Private equity slowly finds its place in local firms
By Winsley Masese | February 10th 2015
Private equity funds are slowly gaining acceptance in Kenya as enterprises opt for more attractive and flexible options.
A report by consulting firm Deloitte put Kenya ahead of its East African peers in attracting private equity firms. The company found Kenya attracted 12 of 26 deals recorded in Uganda, Rwanda, Tanzania and Ethiopia between December 2013 and February last year, raking in Sh9.6 billion.
According to the East Africa Private Equity Confidence Survey, a majority of the deals focused on agribusiness, healthcare and the financial sector and targeted small and medium enterprises (SMEs).
And just last week, fund manager Phatisa, through its African Agriculture Fund (AAF), announced an investment in Kenyan firm General Plastics, though the value of the deal was not disclosed. General Plastics, founded in 1977, manufactures packaging products for the food, beverage and agro-chemical sector in Eastern Africa, and said it plans to use Phatisa’s funds for regional expansion.
In January, solar light distributors M-Kopa also announced it has raised Sh113 million ($12.4 million) in debt and equity in its fourth funding round.
Among the investors was LGT Venture Philanthropy, which first invested in M-Kopa in 2011. Lundin Foundation and Treehouse Investments also participated as repeat investors, and were joined by new investors Blue Haven Initiative.
Launched about two-and-a-half years ago, M-Kopa has installed more than 150,000 residential solar systems in Kenya, Uganda and Tanzania, and now connects 500 new households every day.
The firm seeks to increase the number of homes in the three countries with access to clean, reliable and safe energy.
Solar technology faces two main challenges: the upfront cost is higher than typically used alternatives, like charcoal or kerosene; and any product needs a large distribution network.
M-Kopa has managed to achieve scale with a network of more than 1,000 sales representatives and offers a mobile money financing service.
In late 2014, Amethis Finance announced the acquisition of a 30 per cent stake in Ramco Plexus, a Kenyan group of nine companies that provides services in print, packaging, hardware, office supplies and ICT consulting in East Africa.
The family-owned company, now a conglomerate of 34 subsidiaries across the manufacturing, trade and services sectors, said the new investment would be used to support regional expansion, among other strategies.
The Deloitte report, however, noted there would be a lot more growth if human capital deficiencies, a lack of sophistication among portfolio companies and a lack of quality deal flows are addressed.

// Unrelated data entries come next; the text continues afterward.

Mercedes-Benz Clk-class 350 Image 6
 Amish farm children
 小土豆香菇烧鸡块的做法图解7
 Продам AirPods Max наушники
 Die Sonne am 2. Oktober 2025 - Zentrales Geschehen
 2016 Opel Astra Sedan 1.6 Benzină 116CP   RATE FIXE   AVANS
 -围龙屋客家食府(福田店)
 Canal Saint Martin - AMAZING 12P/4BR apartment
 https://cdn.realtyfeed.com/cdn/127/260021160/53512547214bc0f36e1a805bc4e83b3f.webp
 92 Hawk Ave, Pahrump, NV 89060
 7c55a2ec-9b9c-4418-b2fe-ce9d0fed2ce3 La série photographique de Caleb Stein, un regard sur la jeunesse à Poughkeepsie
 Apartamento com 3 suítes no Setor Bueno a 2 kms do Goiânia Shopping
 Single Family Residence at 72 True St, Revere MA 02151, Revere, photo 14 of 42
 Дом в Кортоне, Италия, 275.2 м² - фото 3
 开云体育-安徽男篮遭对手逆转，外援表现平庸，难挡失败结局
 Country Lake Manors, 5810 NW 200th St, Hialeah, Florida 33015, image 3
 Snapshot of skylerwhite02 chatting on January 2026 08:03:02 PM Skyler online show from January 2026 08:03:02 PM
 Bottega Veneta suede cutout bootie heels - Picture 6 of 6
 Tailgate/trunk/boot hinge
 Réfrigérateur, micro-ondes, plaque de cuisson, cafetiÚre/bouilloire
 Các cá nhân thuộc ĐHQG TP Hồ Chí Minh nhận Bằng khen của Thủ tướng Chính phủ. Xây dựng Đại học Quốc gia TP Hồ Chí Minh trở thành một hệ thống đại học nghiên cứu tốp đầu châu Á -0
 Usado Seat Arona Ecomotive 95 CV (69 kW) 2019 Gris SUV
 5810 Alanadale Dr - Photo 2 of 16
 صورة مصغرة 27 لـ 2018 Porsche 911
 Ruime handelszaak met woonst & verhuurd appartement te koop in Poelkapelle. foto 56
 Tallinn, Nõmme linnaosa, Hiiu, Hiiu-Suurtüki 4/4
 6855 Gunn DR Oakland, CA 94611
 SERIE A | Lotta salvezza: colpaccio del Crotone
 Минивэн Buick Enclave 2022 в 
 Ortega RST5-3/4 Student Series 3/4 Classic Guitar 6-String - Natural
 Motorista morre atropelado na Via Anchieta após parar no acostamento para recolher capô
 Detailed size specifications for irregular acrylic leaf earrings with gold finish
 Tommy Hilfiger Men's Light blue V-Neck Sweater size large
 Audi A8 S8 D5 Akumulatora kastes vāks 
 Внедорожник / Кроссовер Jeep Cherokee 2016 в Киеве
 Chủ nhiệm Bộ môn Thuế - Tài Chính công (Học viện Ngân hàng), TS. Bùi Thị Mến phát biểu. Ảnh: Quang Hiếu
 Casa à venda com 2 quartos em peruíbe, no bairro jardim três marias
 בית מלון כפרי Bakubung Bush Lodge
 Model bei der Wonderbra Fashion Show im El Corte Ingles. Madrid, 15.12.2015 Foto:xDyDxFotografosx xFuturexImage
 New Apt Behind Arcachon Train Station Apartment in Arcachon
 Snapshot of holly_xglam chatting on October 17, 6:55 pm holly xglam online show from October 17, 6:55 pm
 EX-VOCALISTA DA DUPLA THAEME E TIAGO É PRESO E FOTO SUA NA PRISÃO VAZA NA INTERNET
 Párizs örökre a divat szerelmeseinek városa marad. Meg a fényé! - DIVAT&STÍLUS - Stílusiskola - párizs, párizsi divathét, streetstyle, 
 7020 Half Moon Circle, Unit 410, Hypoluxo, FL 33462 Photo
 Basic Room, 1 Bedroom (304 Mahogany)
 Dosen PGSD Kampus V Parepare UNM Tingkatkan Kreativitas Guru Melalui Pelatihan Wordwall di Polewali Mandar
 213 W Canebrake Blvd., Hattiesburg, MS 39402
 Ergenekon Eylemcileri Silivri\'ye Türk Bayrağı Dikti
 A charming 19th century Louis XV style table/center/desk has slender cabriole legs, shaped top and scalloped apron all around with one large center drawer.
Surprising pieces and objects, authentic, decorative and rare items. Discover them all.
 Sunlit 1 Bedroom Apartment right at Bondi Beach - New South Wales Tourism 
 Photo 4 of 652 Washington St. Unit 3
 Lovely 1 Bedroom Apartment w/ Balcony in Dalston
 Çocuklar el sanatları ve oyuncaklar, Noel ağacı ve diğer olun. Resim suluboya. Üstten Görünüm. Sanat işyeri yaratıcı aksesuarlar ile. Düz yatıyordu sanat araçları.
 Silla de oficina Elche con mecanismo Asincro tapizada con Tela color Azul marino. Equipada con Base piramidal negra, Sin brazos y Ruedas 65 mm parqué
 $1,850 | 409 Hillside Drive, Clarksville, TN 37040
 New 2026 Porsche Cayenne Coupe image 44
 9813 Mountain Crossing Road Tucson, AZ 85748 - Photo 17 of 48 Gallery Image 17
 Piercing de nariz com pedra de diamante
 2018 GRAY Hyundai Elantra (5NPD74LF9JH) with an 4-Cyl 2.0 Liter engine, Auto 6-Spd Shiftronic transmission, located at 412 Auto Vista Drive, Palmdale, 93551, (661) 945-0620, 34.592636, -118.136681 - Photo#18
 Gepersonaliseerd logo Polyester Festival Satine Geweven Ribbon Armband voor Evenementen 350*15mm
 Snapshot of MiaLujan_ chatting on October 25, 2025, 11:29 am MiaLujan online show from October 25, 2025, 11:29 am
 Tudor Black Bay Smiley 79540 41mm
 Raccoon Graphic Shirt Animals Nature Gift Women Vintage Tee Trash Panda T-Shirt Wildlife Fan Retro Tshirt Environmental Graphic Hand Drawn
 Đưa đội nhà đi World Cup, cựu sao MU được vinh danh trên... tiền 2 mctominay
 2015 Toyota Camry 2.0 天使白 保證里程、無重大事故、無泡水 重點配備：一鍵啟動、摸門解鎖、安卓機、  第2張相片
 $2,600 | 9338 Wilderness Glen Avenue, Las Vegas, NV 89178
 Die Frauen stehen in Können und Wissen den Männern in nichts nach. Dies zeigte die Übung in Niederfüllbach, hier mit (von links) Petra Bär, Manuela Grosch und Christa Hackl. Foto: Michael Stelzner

And with family-owned businesses forming the majority of Kenya’s enterprises, it has proved difficult to attract more private equity over owners’ trust issues and reluctance to cede control. Other reports have also noted issues of poor governance in such businesses, slowing the uptake of private investment.
However, East Africa is an investment destination that cannot be ignored given its rapidly growing middle class and infrastructure investments. It is, therefore, expected to draw more private equity in the near future.